DATA TO USE -
########

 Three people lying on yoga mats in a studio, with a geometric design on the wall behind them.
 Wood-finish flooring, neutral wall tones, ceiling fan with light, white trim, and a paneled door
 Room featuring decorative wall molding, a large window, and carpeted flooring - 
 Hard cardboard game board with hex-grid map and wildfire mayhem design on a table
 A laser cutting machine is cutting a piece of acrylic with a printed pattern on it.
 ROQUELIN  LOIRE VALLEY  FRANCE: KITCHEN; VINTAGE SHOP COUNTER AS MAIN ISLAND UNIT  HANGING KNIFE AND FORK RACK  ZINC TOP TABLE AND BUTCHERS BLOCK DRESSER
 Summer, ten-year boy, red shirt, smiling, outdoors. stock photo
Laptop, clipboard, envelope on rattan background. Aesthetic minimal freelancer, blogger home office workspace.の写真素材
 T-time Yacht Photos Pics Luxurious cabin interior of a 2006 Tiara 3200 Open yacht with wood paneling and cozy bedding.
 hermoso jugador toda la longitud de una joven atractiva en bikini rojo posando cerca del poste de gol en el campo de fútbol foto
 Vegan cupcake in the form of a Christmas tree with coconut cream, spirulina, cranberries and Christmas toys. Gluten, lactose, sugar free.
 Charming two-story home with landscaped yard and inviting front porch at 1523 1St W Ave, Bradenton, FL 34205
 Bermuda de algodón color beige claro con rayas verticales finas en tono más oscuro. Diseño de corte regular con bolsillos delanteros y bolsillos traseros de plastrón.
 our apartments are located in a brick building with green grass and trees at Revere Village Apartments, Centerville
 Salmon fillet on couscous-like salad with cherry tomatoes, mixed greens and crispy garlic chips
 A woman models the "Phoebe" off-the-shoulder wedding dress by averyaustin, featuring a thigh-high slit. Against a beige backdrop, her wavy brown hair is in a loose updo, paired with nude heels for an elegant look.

########

WHAT THIS TASK INVOLVES - Keeping every line exactly as it is, retype the entries shown above.

RESULT OF THE EXERCISE -
 Three people lying on yoga mats in a studio, with a geometric design on the wall behind them.
 Wood-finish flooring, neutral wall tones, ceiling fan with light, white trim, and a paneled door
 Room featuring decorative wall molding, a large window, and carpeted flooring - 
 Hard cardboard game board with hex-grid map and wildfire mayhem design on a table
 A laser cutting machine is cutting a piece of acrylic with a printed pattern on it.
 ROQUELIN  LOIRE VALLEY  FRANCE: KITCHEN; VINTAGE SHOP COUNTER AS MAIN ISLAND UNIT  HANGING KNIFE AND FORK RACK  ZINC TOP TABLE AND BUTCHERS BLOCK DRESSER
 Summer, ten-year boy, red shirt, smiling, outdoors. stock photo
Laptop, clipboard, envelope on rattan background. Aesthetic minimal freelancer, blogger home office workspace.の写真素材
 T-time Yacht Photos Pics Luxurious cabin interior of a 2006 Tiara 3200 Open yacht with wood paneling and cozy bedding.
 hermoso jugador toda la longitud de una joven atractiva en bikini rojo posando cerca del poste de gol en el campo de fútbol foto
 Vegan cupcake in the form of a Christmas tree with coconut cream, spirulina, cranberries and Christmas toys. Gluten, lactose, sugar free.
 Charming two-story home with landscaped yard and inviting front porch at 1523 1St W Ave, Bradenton, FL 34205
 Bermuda de algodón color beige claro con rayas verticales finas en tono más oscuro. Diseño de corte regular con bolsillos delanteros y bolsillos traseros de plastrón.
 our apartments are located in a brick building with green grass and trees at Revere Village Apartments, Centerville
 Salmon fillet on couscous-like salad with cherry tomatoes, mixed greens and crispy garlic chips
 A woman models the "Phoebe" off-the-shoulder wedding dress by averyaustin, featuring a thigh-high slit. Against a beige backdrop, her wavy brown hair is in a loose updo, paired with nude heels for an elegant look.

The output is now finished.